Defining Your Freethinking

Freethinking is to take responsibility for your own thoughts, challenge the accepted system and dwell in the possibilty of ideas.

It is not necessarily what you think but how you think it, that makes you a freethinker.

As, Leo Tolstoy (1828 – 1910), writer, pacifist and anarchist defines:

“Freethinkers are those who are willing to use their minds without prejudice and without fearing to understand things that clash with their own customs, privileges, or beliefs. This state of mind is not common, but it is essential for right thinking.”

Leo Tolstoy

In 1944, the philospher Bertrand Russell wrote, The Value of Free Thought. How to Become a Truth-Seeker and Break the Chains of Mental Slavery. In the opening paragraph, he writes:

“What makes a freethinker is not his beliefs but the way in which he holds them. If he holds them because his elders told him they were true when he was young, or if he holds them because if he did not he would be unhappy, his thought is not free; but if he holds them because, after careful thought he finds a balance of evidence in their favour, then his thought is free, however odd his conclusions may seem.”

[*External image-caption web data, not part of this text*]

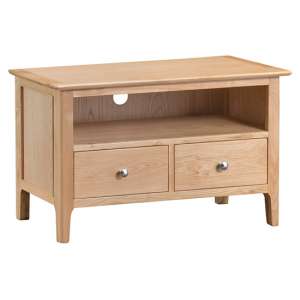 Nassau Wooden 2 Drawers And Shelf TV Stand In Natural Oak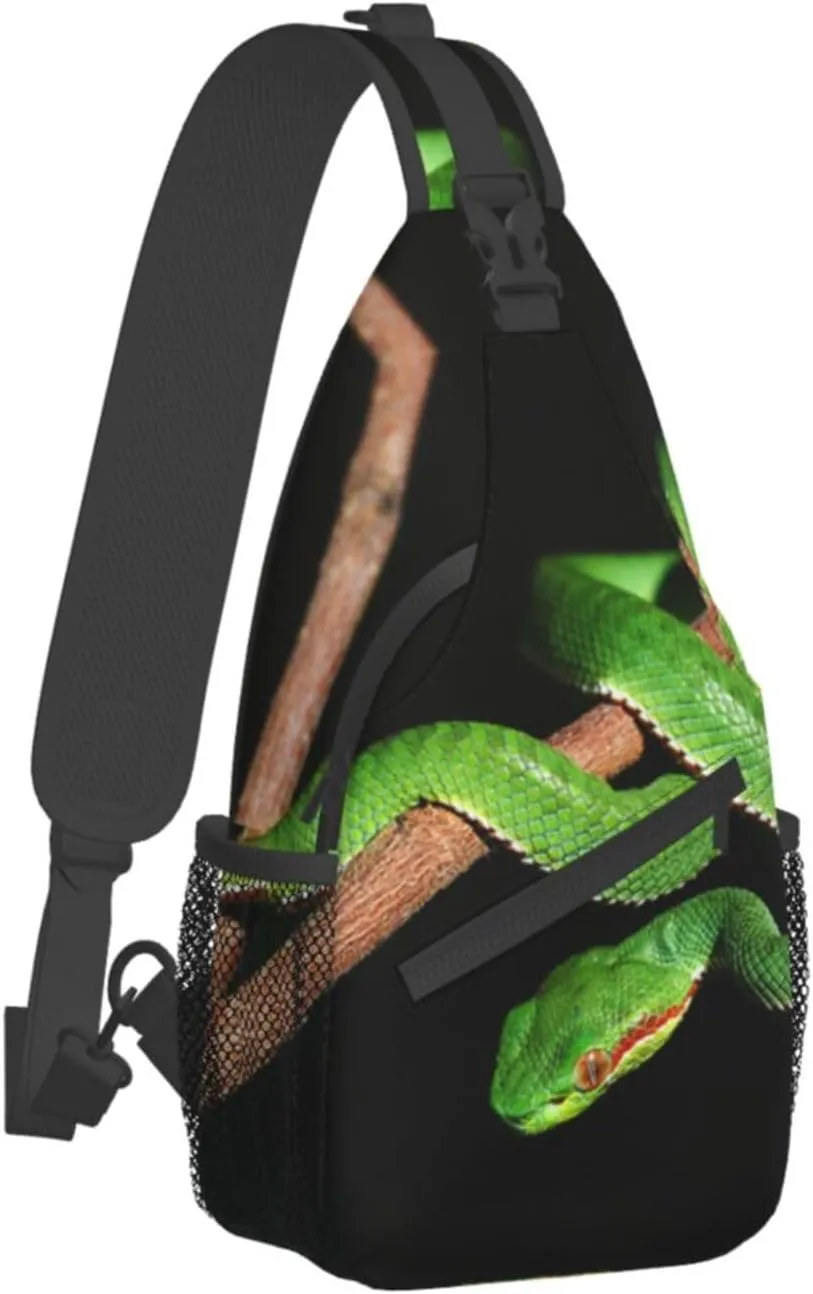 Snake Sling Bag Animal Crossbody Chest Daypack Casual Backpack Snake Shoulder Bag Cool Hiking Bag Horror Bag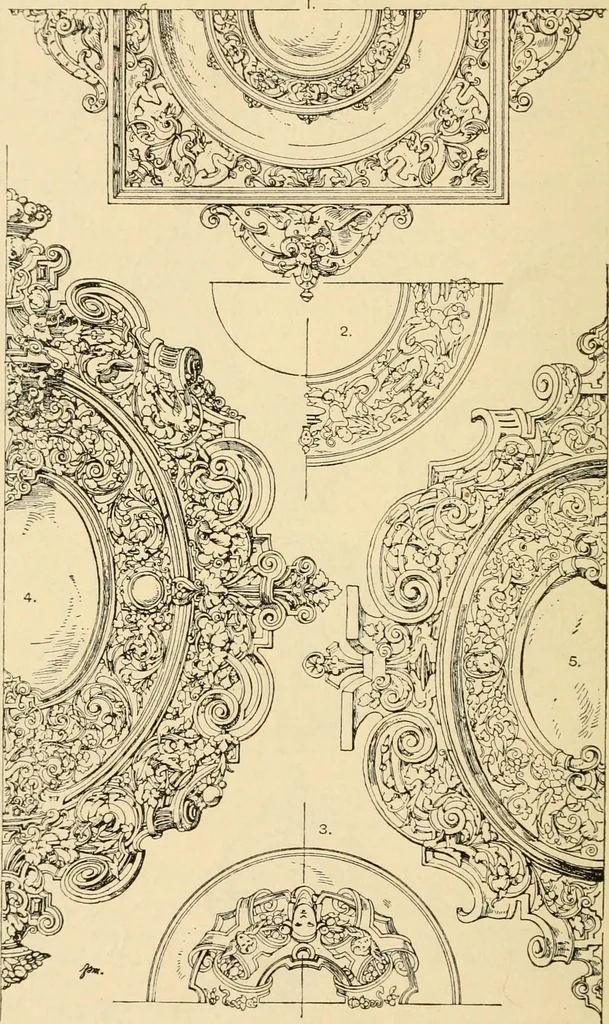 An illustration from Handbook of ornament; a grammar of art, industrial and architectural designing in all its branches, for practical as well as theoretical use, 1900, leaf 490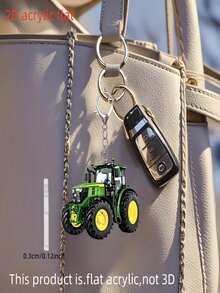 Llavero acrílico de tractor rojo plano de 2D, diseño de llavero, accesorio duradero para coche y bolso, sin batería requerida, festival, exclusivo para mujeres, decoración plana de 2D no 3D, llavero de dibujos animados acrílicos lindos para todas las estaciones, accesorios para automóviles, encantos para bolsos, mochilas para la escuela, ideas de regalo de Navidad góticas y Y2k, accesorios para bolsos, cordones con soporte para identificación, accesorios para automóviles - Multicolor - Ver 10
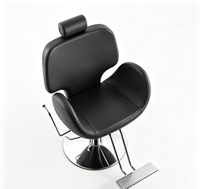 Fauteuil de maquillage Lumia de style italien, hauteur réglable avec repose-pieds et pédale hydraulique, chaises de barbier au design classique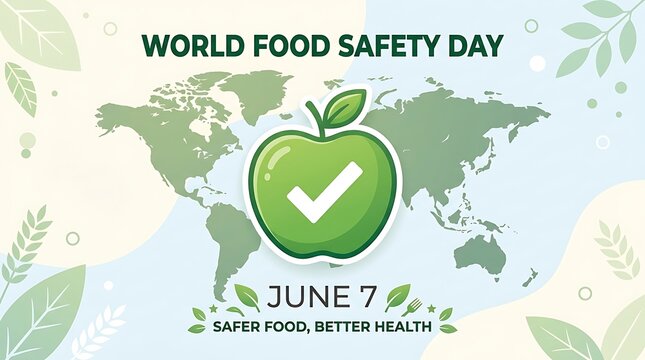 World food safety day poster with apple and check mark on world map, nutrition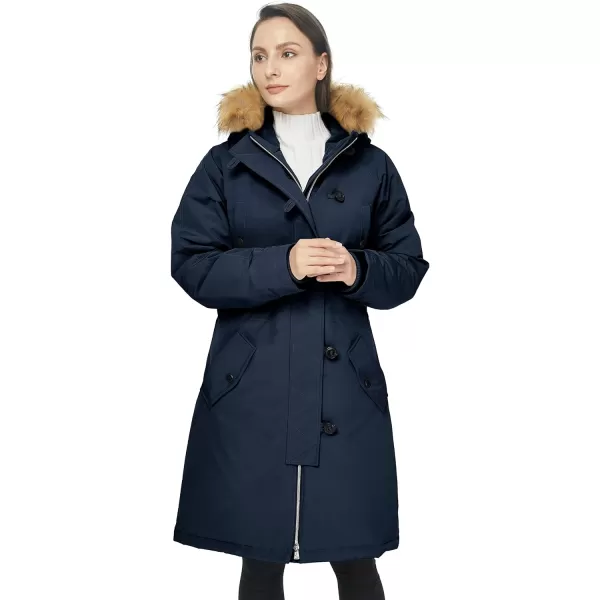 WenVen Womens Winter Waterproof Thicken Puffer Jacket Parka Coat with Fur HoodNavy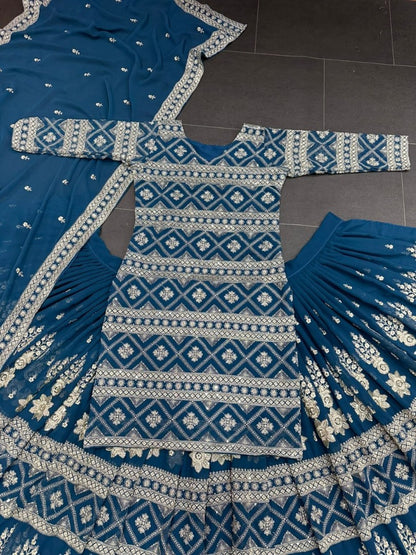 Rama georgette heavy embroidered wedding lehenga suit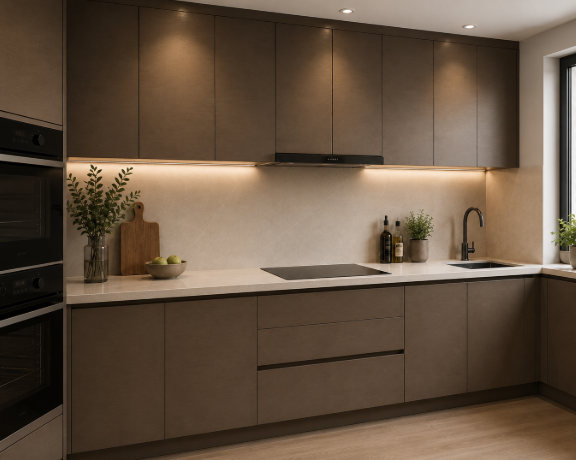 Contemporary Mocca Nat Straight Kitchen Design with Quartz Countertops gallery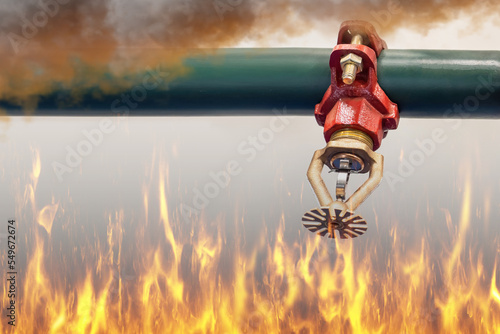 Canvas-taulu Drencher and tube over fire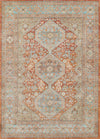 Alicia Traditional 6'7\" x 9'6\" Area Rug in Brown Indoor Area Rug 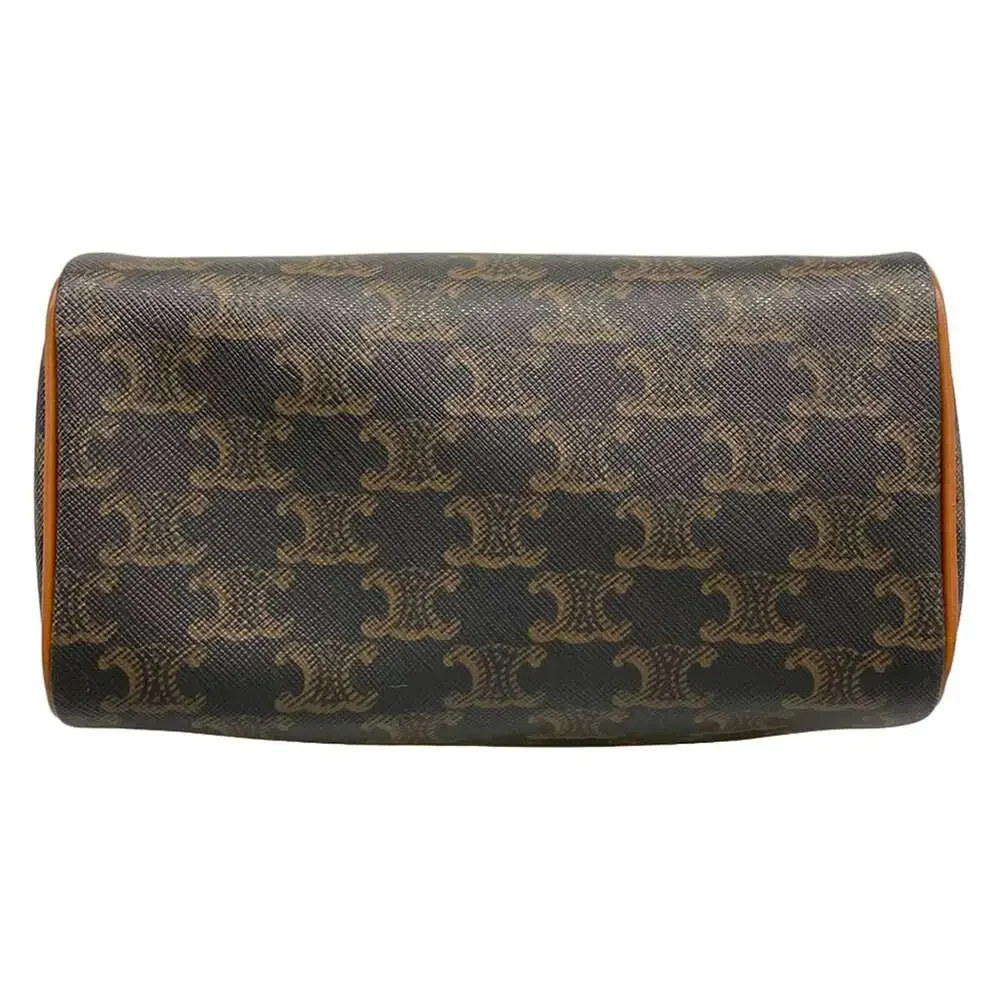 Celine Small Boston/Trionf Canvas Handbag 197582CAS.04LU Black Brown Triomphe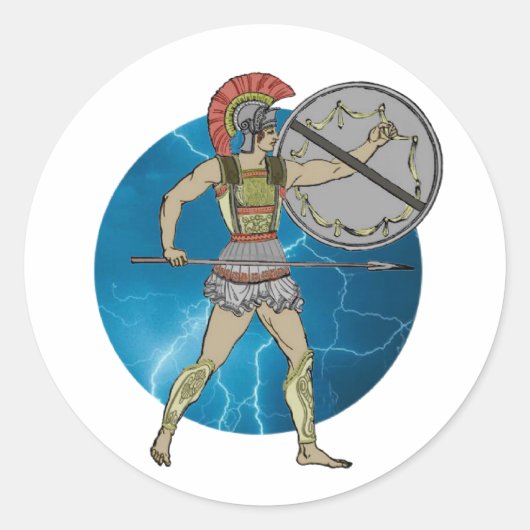 Griekse arrior ronde sticker (Voorkant)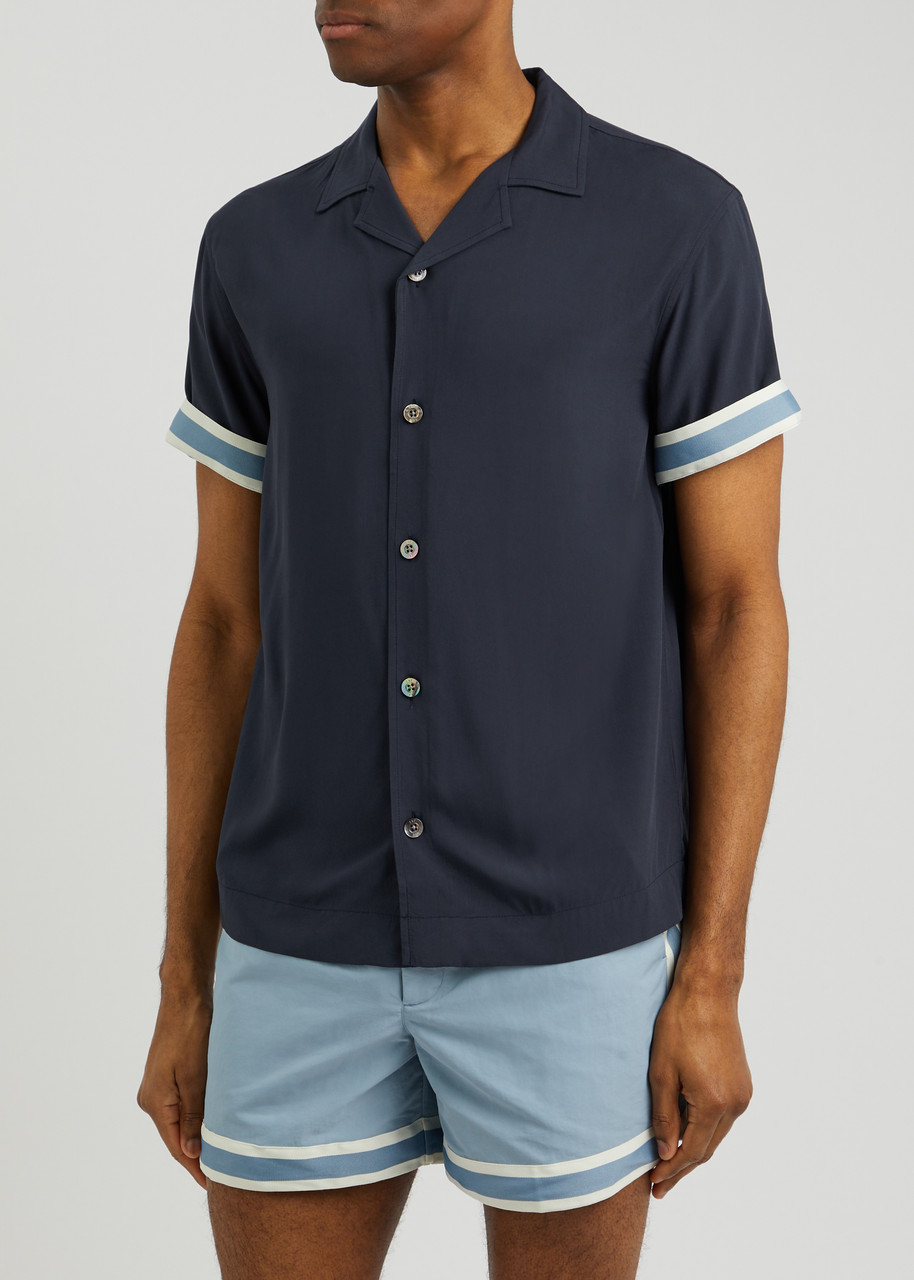  Che Valbonne Stripe-trimmed Shirt - Navy - L 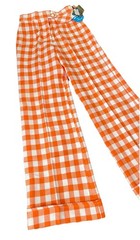 NWT Vintage 70s Bell Bottoms Wide Leg Pants ORANGE Check MISS HOLLY Japan 10 Pet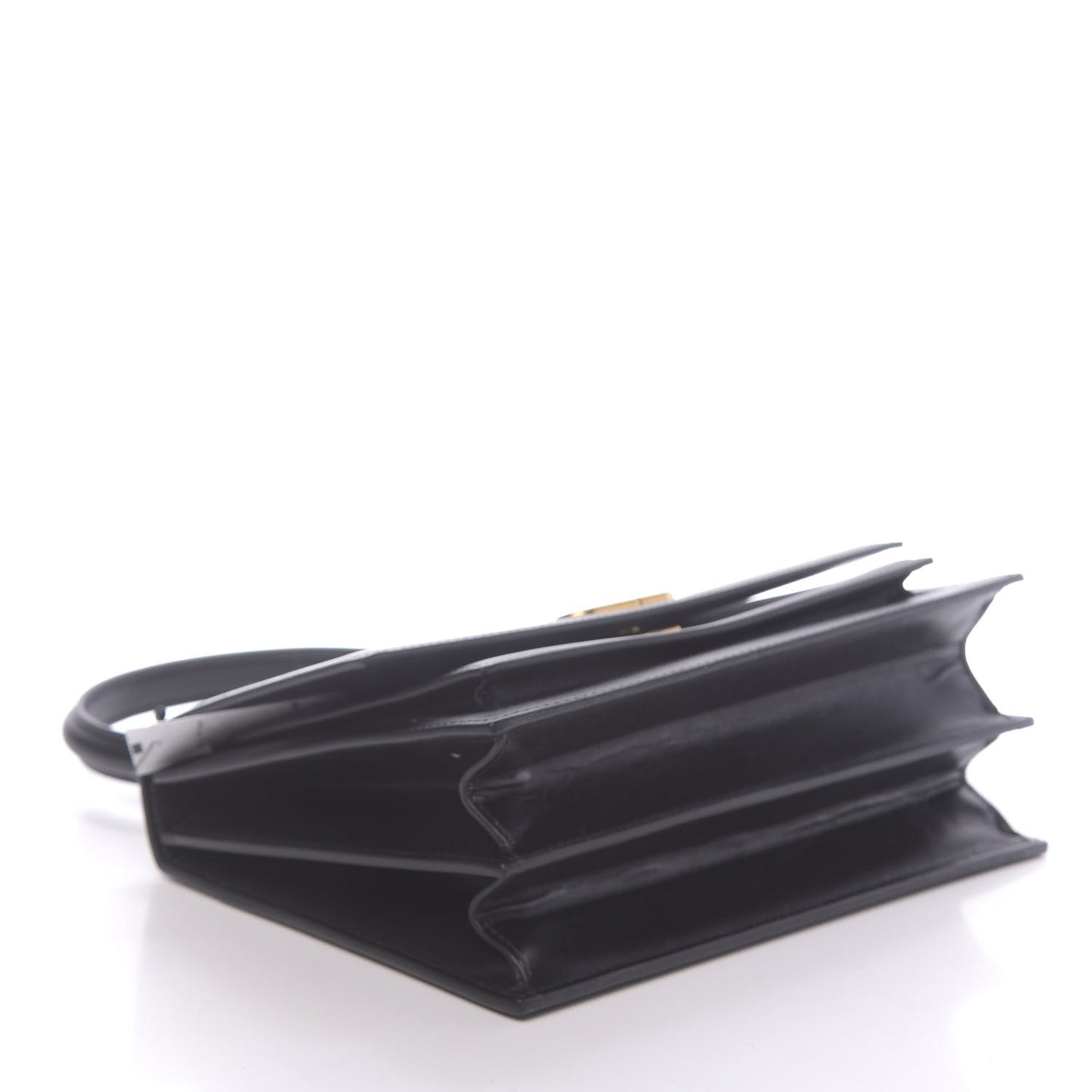 Box Calfskin Medium Sharp Top Handle Bag Black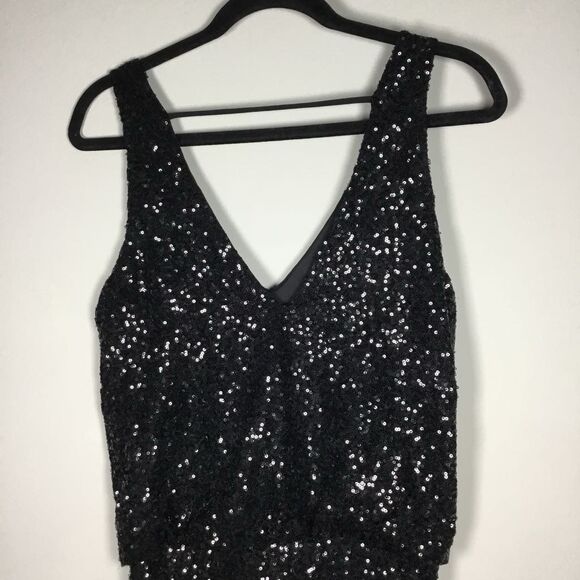 Astr Black All Over Sequin Glam Club Party Concert Deep V Mini Dress S/M - Picture 5 of 8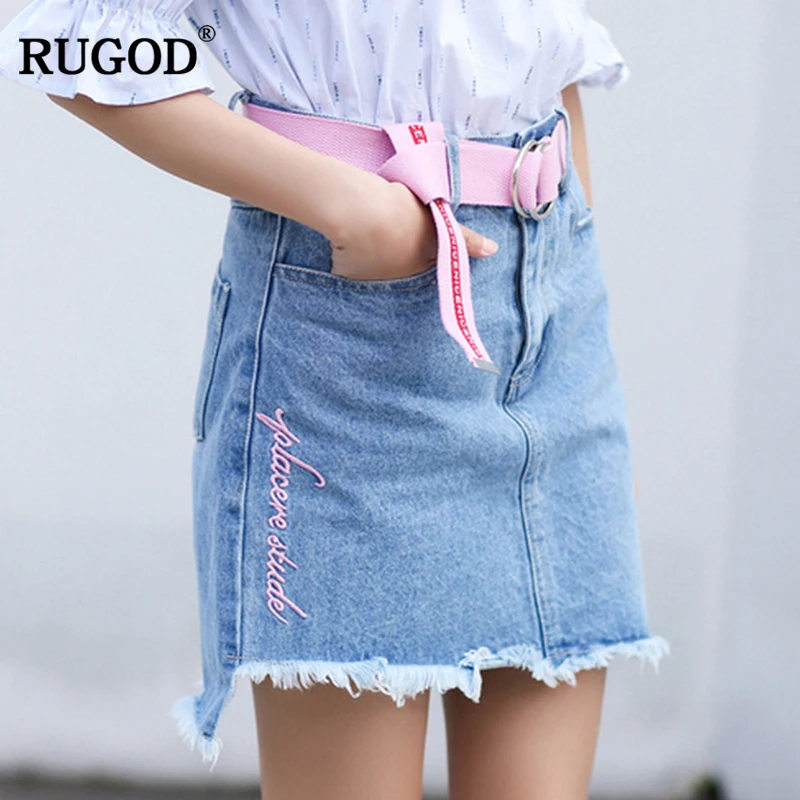 RUGOD 2018 New Arrival Fashionable Women Denim Skirt Spring Summer Hot Sell Letter Print Female Empire A line Lady faldas | Женская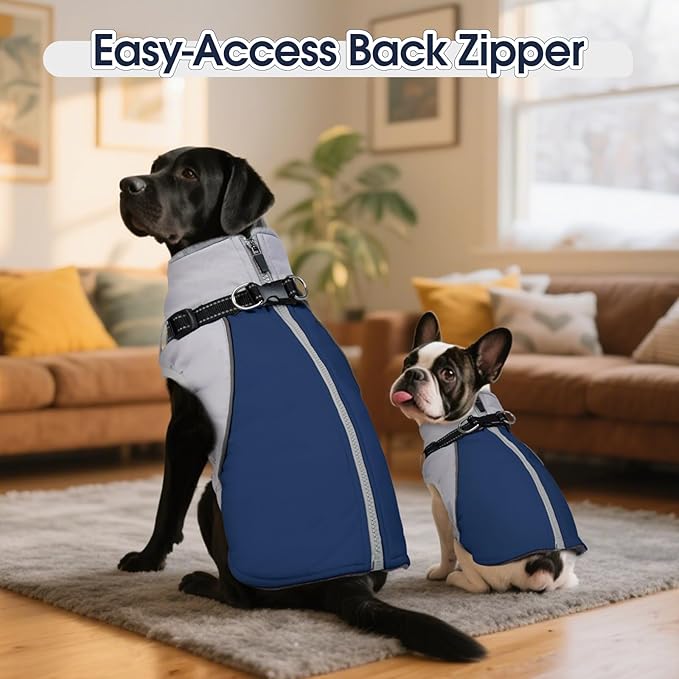 DENTRUN Dog Coat with Harness Built in, Easy On/Off Zipper Closure Winter Dog Vest, Water-Repellent Fleece Lined Warm Jacket with Reflective for Medium Dogs, Dark Blue, L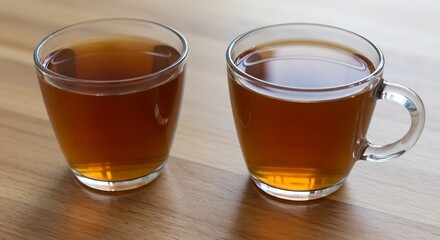 木製テーブルに置かれた二つの温かいお茶が透明なグラス越しに琥珀色に輝き柔らかな自然光がその液体表面を優しく照らし安らぎのひとときを描写する. AI Generated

“The person who is free in any respect is free from something; what is the free thinker free from? To be worthy of the name, he must be free of two things: the force of tradition, and the tyranny of his own passions. No one is completely free from either, but in the measure of a man’s emancipation he deserves to be called a free thinker.”

Bertrand Russell

Freethinkers know that meaning must originate in the mind.

If the universe is mindless and the cosmos does not care, you must care in your own mind, if you wish to have purpose.

Individuals are free to choose, within the limits of their own morality. Freethinking is a passion where it is much rather your thoughts than yourself that is free. As a freethinker you are open minded and willing to challenge your beliefs. You may find new beliefs and, as such, you may find yourself changing your mind.

Freethinkers often find meaning in human compassion, social progress, the beauty of humanity (art, music, literature), personal happiness, pleasure, joy, love, and the advancement of knowledge.

Perhaps the greatest quality for a freethinker to have is to be a life long learner and seek continuous learning, as the philosopher Baruch Spinoza (1632 – 1677) wrote:

“The highest activity a human being can attain is learning for understanding, because to understand is to be free.”